[tip] Never write for(i=1;i<=n;i++)... again?

Jim Hart

unread,

Jan 25, 2009, 11:37:55 AM1/25/09

to

I've written this kind of thing

n = split(something,arr,/re/)
for(i=1;i<=n;i++) {
print arr[i]
}

so often, it's tedious. I like this better:

n = split(something,arr,/re/)
while(n--) {
print arr[i++]
}

Easier to type. And, in cases where front-to-back or back-to-front
doesn't matter, it's even simpler:

# copy a number indexed array, assuming n contains the number of
# elements

while(n--) arr2[n] = arr1[n]

And, yes,

for(i in arr1) arr2[i] = arr1[i]

works, too. But, some loops don't involve arrays. :-)

Not earth-shattering, to be sure, but when one writes a lot of AWK...

(Braces included in the first example, for completeness, in case there's
more than one line of code in the block.)

Ed Morton

unread,

Jan 25, 2009, 8:20:21 PM1/25/09

to

On Jan 25, 10:37 am, Jim Hart <nore...@fairpoint.net> wrote:
> I've written this kind of thing
>
> n = split(something,arr,/re/)
> for(i=1;i<=n;i++) {
> print arr[i]
> }
>
> so often, it's tedious. I like this better:
>
> n = split(something,arr,/re/)
> while(n--) {
> print arr[i++]
> }

ITYM
print arr[++i]

Kinda dangerous though. If someone introduces a

for (i=1;i<=whatever;i++)

loop above the split() you'll end up trying to print the array
starting at index "whatever+1". Also, what if you need to use n again
later? It just doesn't seem worthwhile to me to sacrifice the clarity
and relative security of a "normal" loop for the brevity.

Ed.

Grant

unread,

Jan 25, 2009, 9:43:23 PM1/25/09

to

On Sun, 25 Jan 2009 11:37:55 -0500, Jim Hart <nor...@fairpoint.net> wrote:

>
>
>I've written this kind of thing
>
> n = split(something,arr,/re/)
> for(i=1;i<=n;i++) {
> print arr[i]
> }
>
>so often, it's tedious. I like this better:
>
> n = split(something,arr,/re/)
> while(n--) {
> print arr[i++]
> }

Assumes i not been used before -- use with care ;)

Grant.
--
http://bugsplatter.id.au

r.p....@gmail.com

unread,

Jan 26, 2009, 5:42:36 PM1/26/09

to

My response might not be on point, since you seem to have general
looping in mind, not just array index looping.

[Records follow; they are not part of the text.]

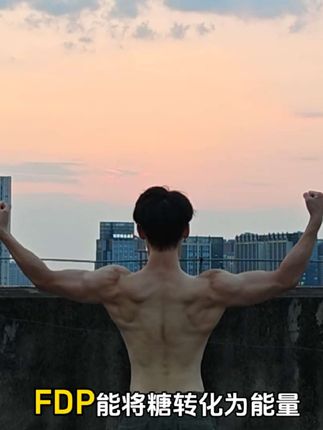 如果健身开始搭配上肌酸,那你搭子肯定没你强!#健身 #肌酸 #健身补剂 #运动健身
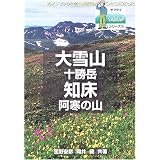 大雪山 知床・阿寒の山 (YAMAPシリーズ)
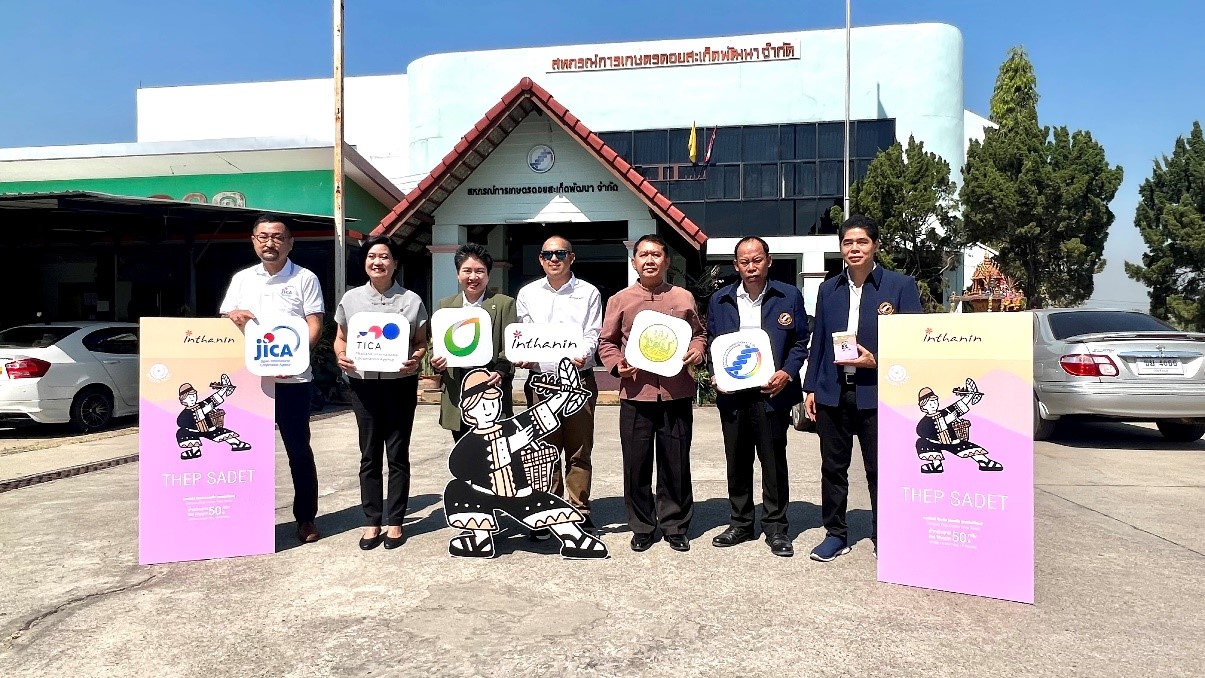 “กาแฟดริปเทพเสด็จ” ต้นแบบความร่วมมือเพื่อความยั่งยืน  PPPP – Public Private Partnership for People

But here is another
possibility with arrays:

split($0,arr,myregexp)
for (i=1; i in arr; i++) print arr[i]

The reason this is easier is that you don't have to introduce n (which
might require some thought about whether it's already in use, though
there is nothing wrong with naming discipline, e.g., narr, or n_arr),
and you don't have to shift for the <=. It's also easier to read, and
you get to print your values in order.

Janis Papanagnou

unread,

Jan 27, 2009, 4:26:05 AM1/27/09

to

Keep in mind that it's much less performant...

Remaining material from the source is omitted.